== Directions ==
Return only the lines of the data below from the line with "Sayre, PA Framed" up to and including the line with "a living room", exactly as written, with the pictures omitted.

== Listed records ==
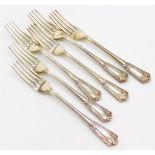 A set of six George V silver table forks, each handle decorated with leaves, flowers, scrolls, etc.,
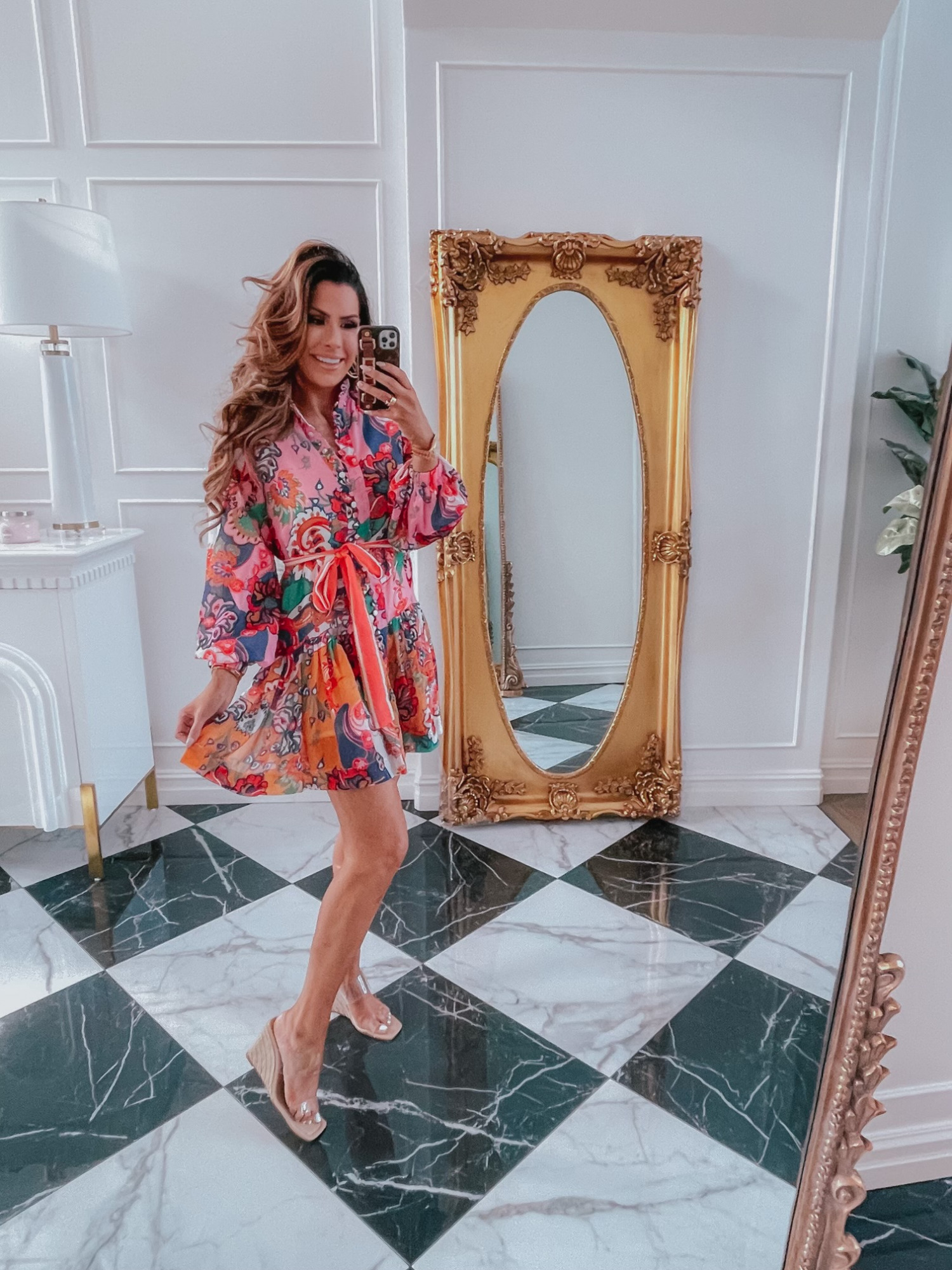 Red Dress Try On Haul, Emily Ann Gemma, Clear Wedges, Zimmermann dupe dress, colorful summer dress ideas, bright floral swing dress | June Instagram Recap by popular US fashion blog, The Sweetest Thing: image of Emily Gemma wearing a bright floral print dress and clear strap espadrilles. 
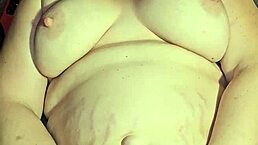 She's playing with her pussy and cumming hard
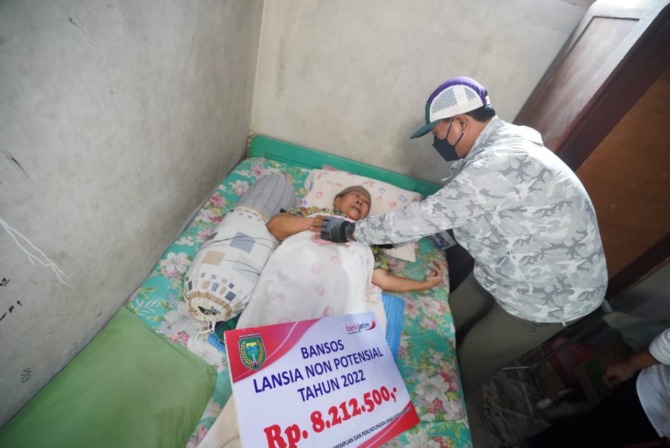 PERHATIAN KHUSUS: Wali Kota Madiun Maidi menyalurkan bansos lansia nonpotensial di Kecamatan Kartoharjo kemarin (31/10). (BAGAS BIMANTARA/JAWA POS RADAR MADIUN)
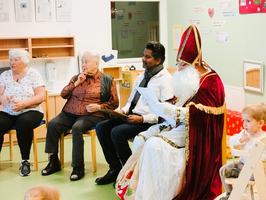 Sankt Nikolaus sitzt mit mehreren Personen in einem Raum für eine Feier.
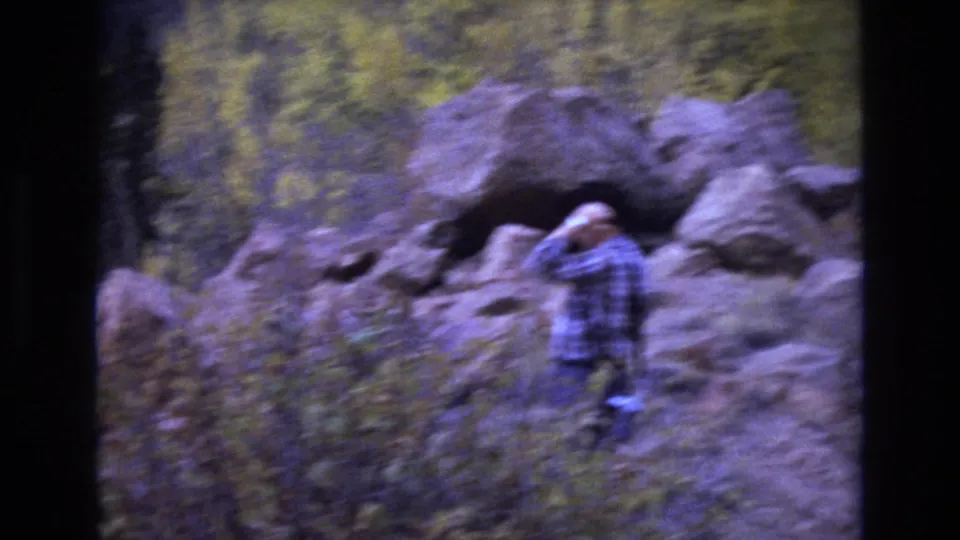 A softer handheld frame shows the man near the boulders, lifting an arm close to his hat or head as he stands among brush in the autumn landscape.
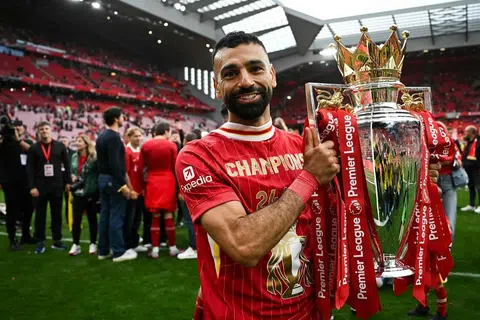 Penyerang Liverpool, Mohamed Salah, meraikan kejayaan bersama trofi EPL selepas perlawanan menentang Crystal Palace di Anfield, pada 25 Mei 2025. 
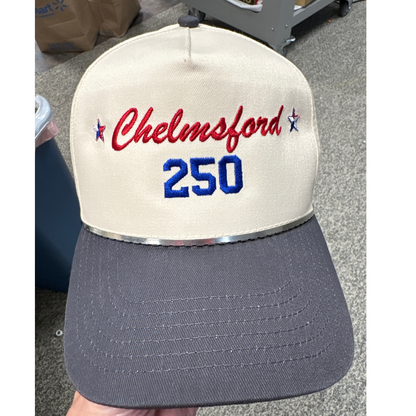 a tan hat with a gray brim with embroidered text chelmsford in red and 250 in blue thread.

---

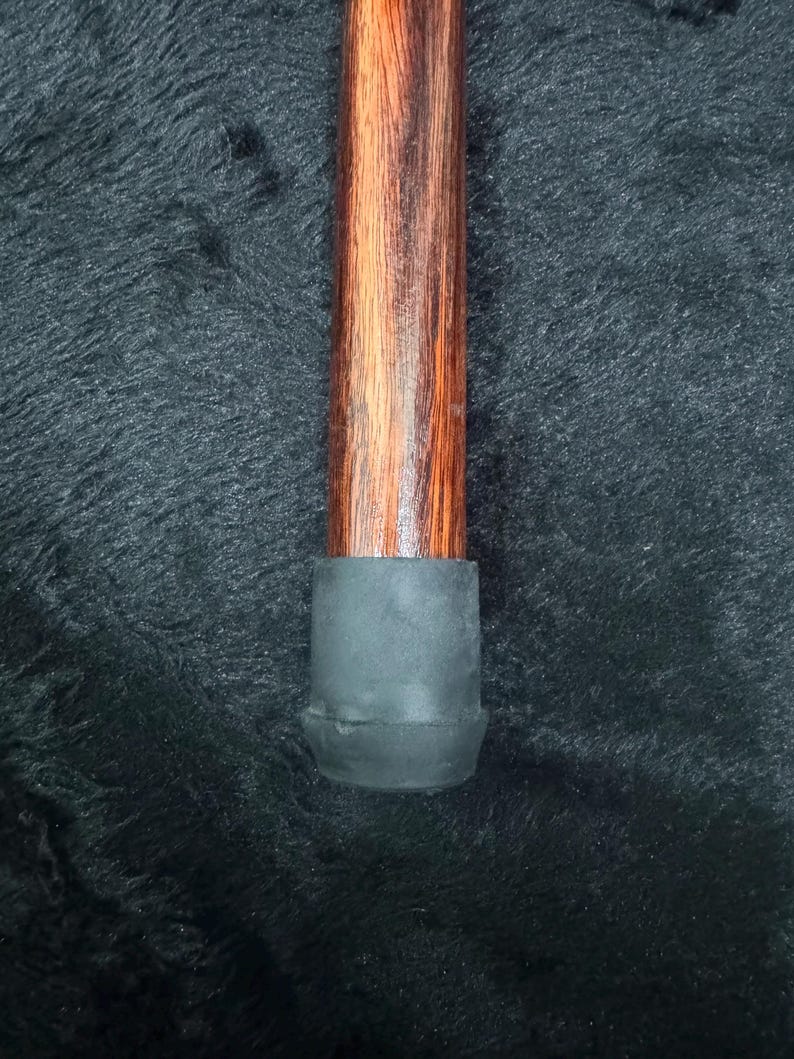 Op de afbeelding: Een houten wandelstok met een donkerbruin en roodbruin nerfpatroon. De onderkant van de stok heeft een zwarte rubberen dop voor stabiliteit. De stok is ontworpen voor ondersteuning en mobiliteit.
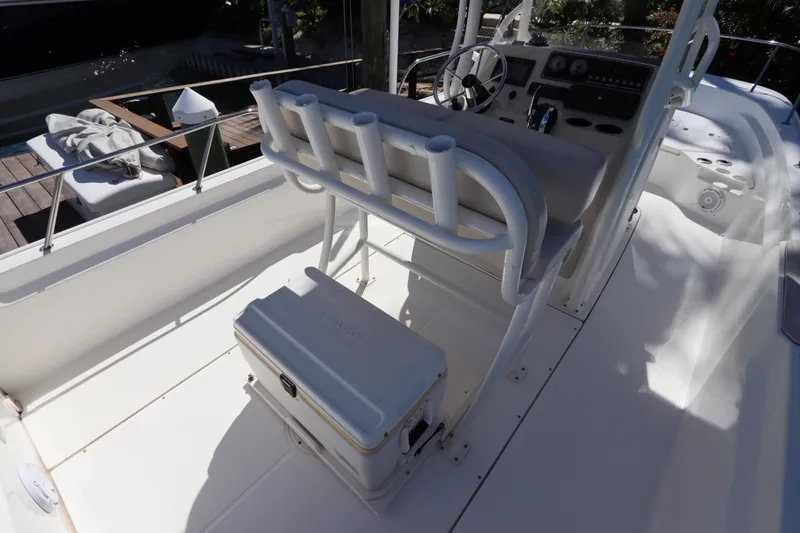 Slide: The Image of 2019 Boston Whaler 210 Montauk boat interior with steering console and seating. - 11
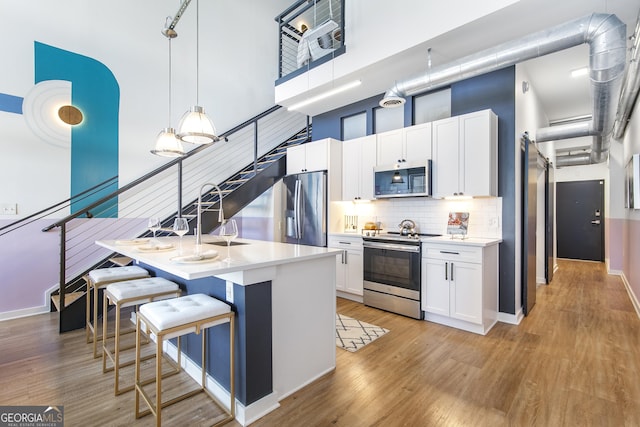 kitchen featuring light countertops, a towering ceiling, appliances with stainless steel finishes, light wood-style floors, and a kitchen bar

==

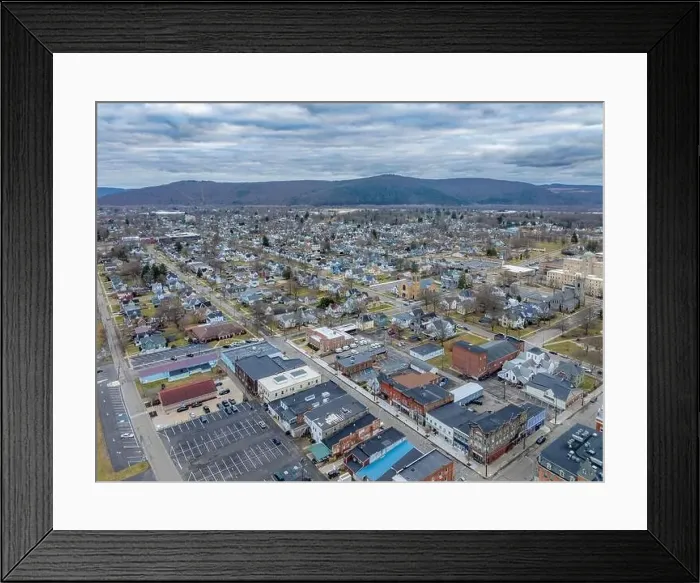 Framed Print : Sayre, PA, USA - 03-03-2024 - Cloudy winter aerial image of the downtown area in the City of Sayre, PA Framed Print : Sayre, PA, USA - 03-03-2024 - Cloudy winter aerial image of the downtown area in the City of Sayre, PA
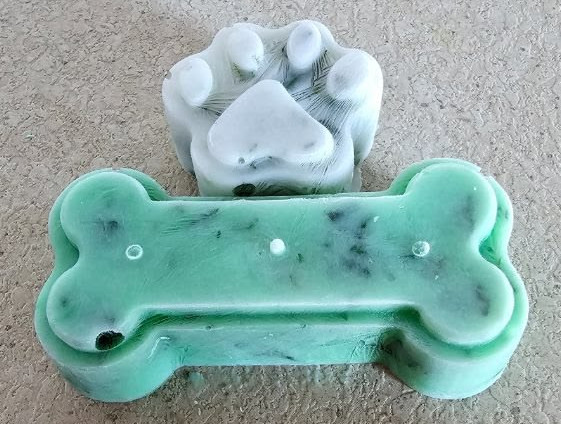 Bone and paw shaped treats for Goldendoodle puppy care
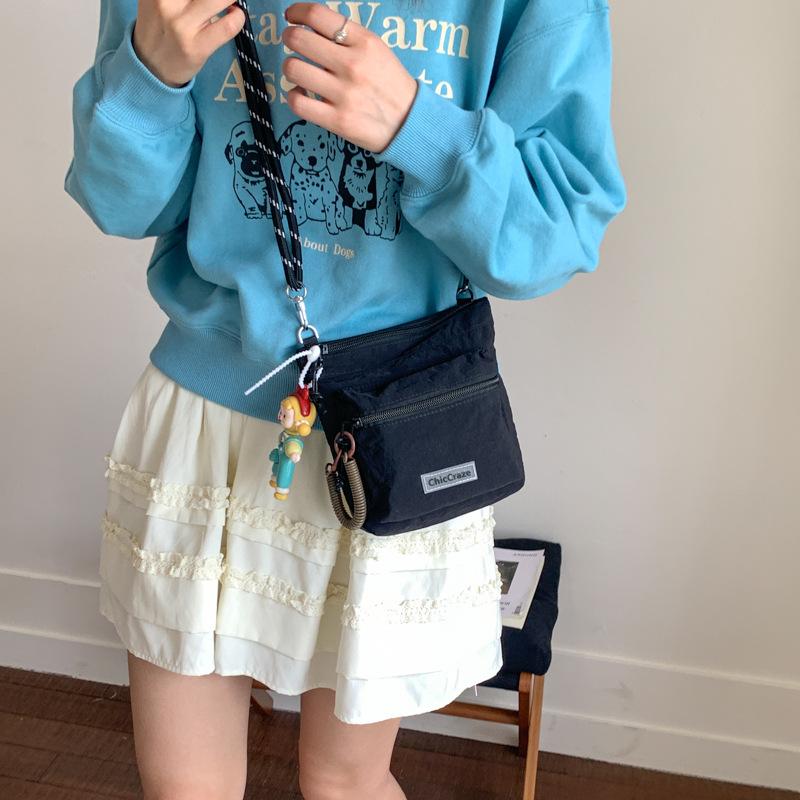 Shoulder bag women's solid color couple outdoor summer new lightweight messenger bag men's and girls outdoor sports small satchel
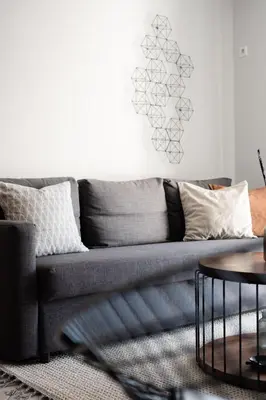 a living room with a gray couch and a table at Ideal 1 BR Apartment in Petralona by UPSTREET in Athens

== Task response ==
 Framed Print : Sayre, PA, USA - 03-03-2024 - Cloudy winter aerial image of the downtown area in the City of Sayre, PA Framed Print : Sayre, PA, USA - 03-03-2024 - Cloudy winter aerial image of the downtown area in the City of Sayre, PA
 Bone and paw shaped treats for Goldendoodle puppy care
 Shoulder bag women's solid color couple outdoor summer new lightweight messenger bag men's and girls outdoor sports small satchel
 a living room with a gray couch and a table at Ideal 1 BR Apartment in Petralona by UPSTREET in Athens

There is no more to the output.